I've just noticed an interesting usage pattern that has emerged for me over time wrt named arguments :nkoThink:

I generally really like named arguments, so to me whether they belong or not in a language is not up for discussion. I couldn't care less about the issues frequently brought up, like "names become part of the public API" (so what? you're breaking your public API all the time anyway with named arguments or not) and my favourite non-argument: "I have python-induced trauma from libraries that abused named arguments" (you're not special we're all traumatized by python, your trauma is not language design).

Anyway, one place where named arguments shine is when functions take primitive parameters!
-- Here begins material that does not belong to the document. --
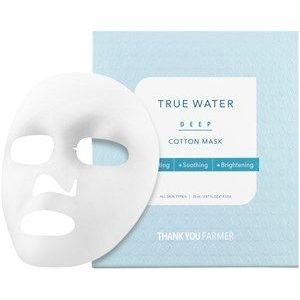 Thank You Farmer Gezicht Mask True Water Deep Cotton Mask 25 ml (€ 138,80 / 1 l)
It's not mandatory to set the name of the argument (well, depends on the language), but when a function takes a bunch of booleans, I find it almost always pays off in terms of readability to specify the names those parameters.

Maybe this is why people love those inlay hints so much? To me they're just distrtacting because having them *everywhere* means they become part of the background noise whereas placing them with intent where I think it adds value sounds like a way to get nicer and more readable code.

This is the bit of code that inspired this:
image.png
image.png (12.73 KiB) Viewed 138 times
It's obvious to me, and thus noisy, to know that the first two parameters are the "ui" and the game's "difficulty", which presumably the objectives hud will care about. Those are also well-typed things that would be hard to mess up, so I can skip the name and it's nice and succint.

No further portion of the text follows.